The Dig
Karl and I decided to check out Netflix tonight. It’s been a while since we watched a movie (not counting the experience of watching In and Of Itself, which felt much different than simply watching a movie). Popping up immediately was The Dig, a movie based on actual events that played out in the late 1930s.
I was unfamiliar with the archeological trove discovered in 1937 at Sutton Hoo, an estate in Suffolk, England, and I enjoyed imagining the excitement of unearthing such an extraordinary discovery.
The funny thing is, just after we finished watching the movie this evening and, Karl went to bed. I began perusing my email just to get myself in the frame of mind to write my post, when an email from Smithsonian Magazine caught my eye. Didn’t it contain an article on this very subject?! I’d not checked my email in several hours (a discipline I’ve been trying to cultivate), so I hadn’t seen it before watching the movie.

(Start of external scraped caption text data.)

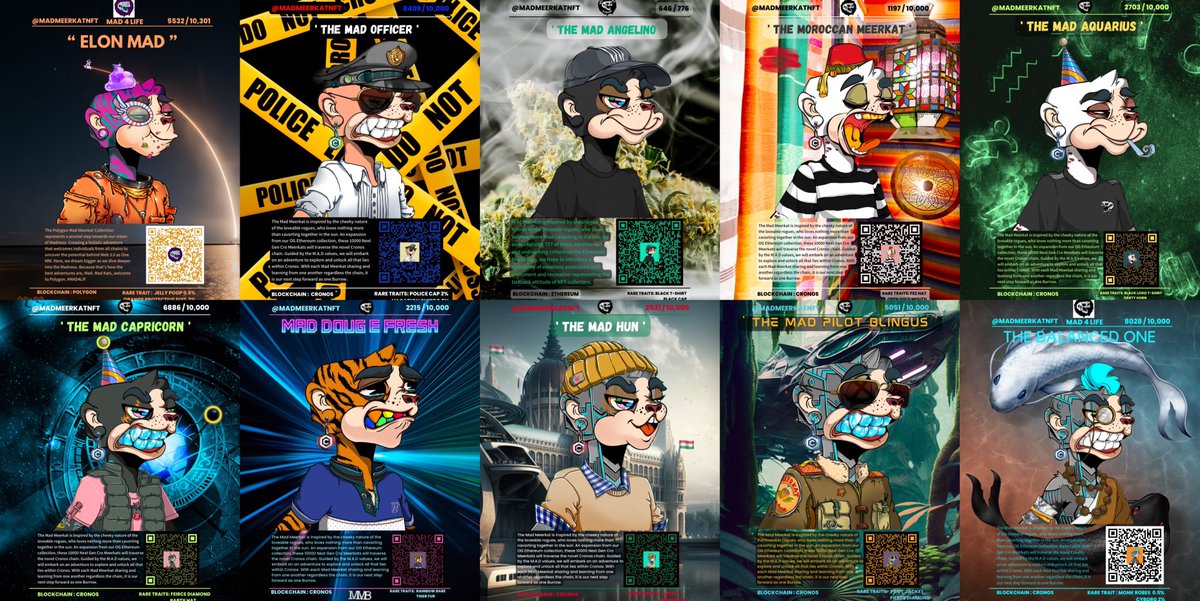 🎉 GIVEAWAY ALERT 🎉 We're giving away a FREE custom digital NFT poster! To enter:
1Like and retweet this post
2Tag two friends in the comments
3Follow @crocompanions
4Post the NFT you'd like to get posterized.
#giveaway ends 4/12 <a href="/THEMICE_/">THEMICE NFT Collection</a> <a href="/LoadedLions_CDC/">Loaded Lions</a> <a href="/MadMeerkatNFT/">Mad Meerkat Burrow | Mad Merge Live</a>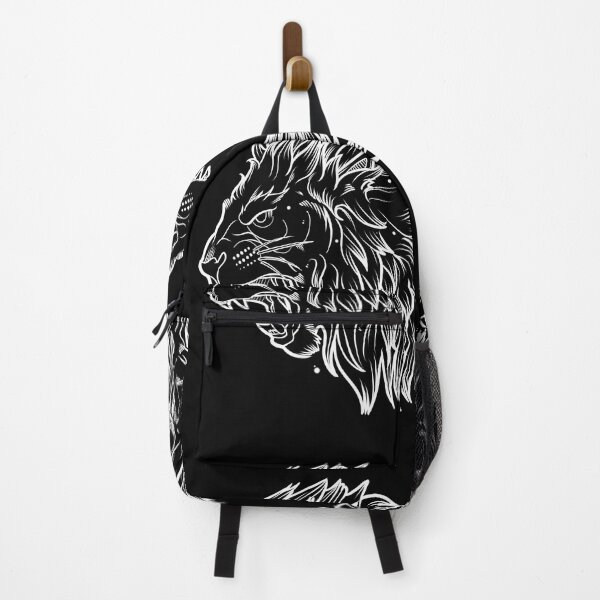 Item preview, Fierce Lion Tattoo Art Blk designed and sold by Scott Connick.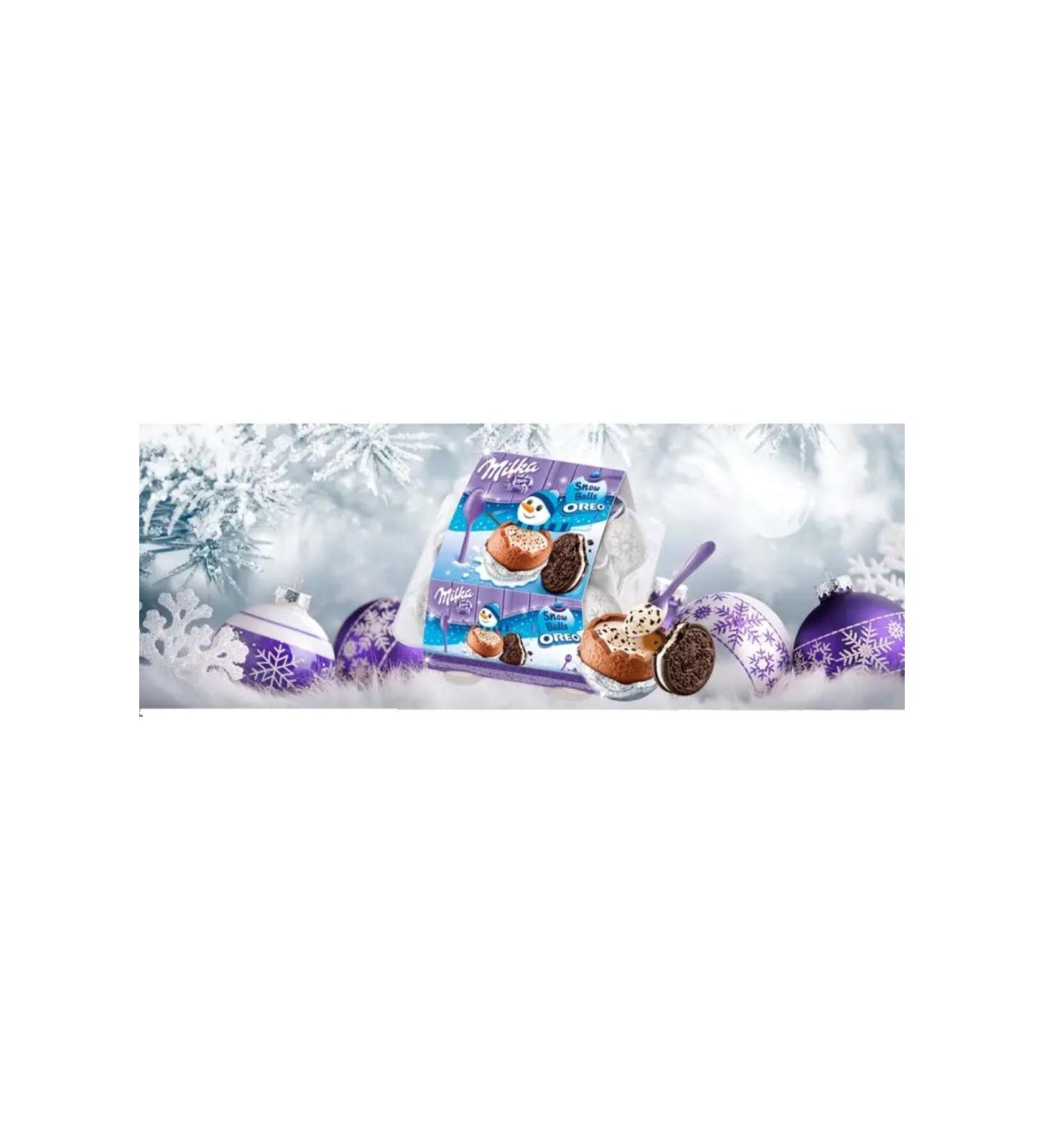 Milka Snow Balls Oreo - Oreo Snow Balls 4x28 G - Buy Online on GoSupps.com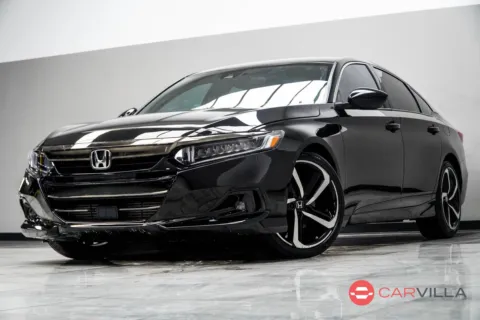 Black 2022 Honda Accord Sport for sale in Kennesaw, GA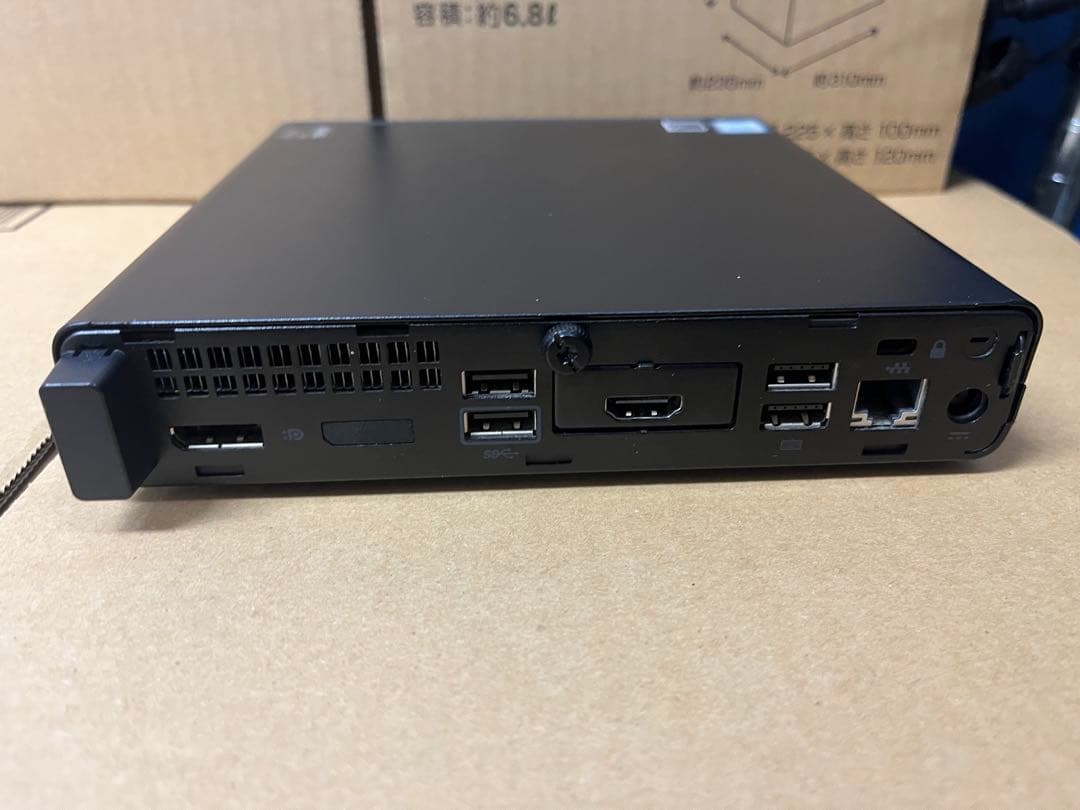 Windowsデスクトップ ProDesk400 G4 i5-8500/8G/256+500G/W11/OF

I’m including the link to the article, above, but you might want to watch the movie before reading it.
A Welcome Change
I have to admit, watching The Dig this evening was a welcome reprieve to the mayhem that seems to permeate our culture right now. I’m complicit, for sure. After the 1/6 Insurrection, or right around that time, Karl and I started watching The Sopranos. We’d never watched the series back when it was airing for the first time, in 1999-2006.
While the series was addictive, Karl and I were crystal clear why we’d not watched back when it first aired. There was no way we would’ve wanted our kids to watch that. As it was, we cringed (and I turned my head) at some of the violence. Blecccch.
Then after watching that series, we started watching the series on Hulu (it’s a Showtime series, though) Your Honor, featuring Bryan Cranston as a New Orleans judge who…well, I won’t disclose any of the plot. It’s compelling viewing as well; but damn – it’s violent.
And then there’s the Insurrection itself and the rhetoric we’re being exposed to day in and day out, and which is becoming normalized in our political discourse.
It’s disconcerting.
There’s a Book
After reading the Smithsonian article on the greater details of The Dig, I think I’m going to read the book of the same name*, upon which the movie was based. It sounds like an interesting aspect of the owner of the estate, Edith Pretty, was left out of the movie: her ‘spiritualism.’ Hmm.
Mrs. Pretty’s interest in the afterlife is only alluded to slightly in the movie, in a wonderful scene with her son toward the end of the movie. That scene reminded me of a particular type of journey I’ve taken with shamanic friends in Ireland. I’ll leave it at that. That scene is also connected to the photo, above, I’m using to illustrate this post.
*affiliate link
(T-294)
I especially enjoyed this blog. I have a FB friend who is an archaeologist and is going to be one of the guides when (if) we go to GB in the fall. This reference to The Dig was on our OBOD FB page and I thought it was interesting.
Love the sky picture, btw. I kept looking at it and I swear i could see the clouds moving across the sky and the trees blowing in the wind.
Oooh, that sounds like a great experience to look forward to, Donna!
I wish I could post my photos in the ‘live’ mode that I take most of them in on my iPhone. They (the ‘live’ photos) remind me so much of how I imagined photos looked when I read about them in the first Harry Potter book.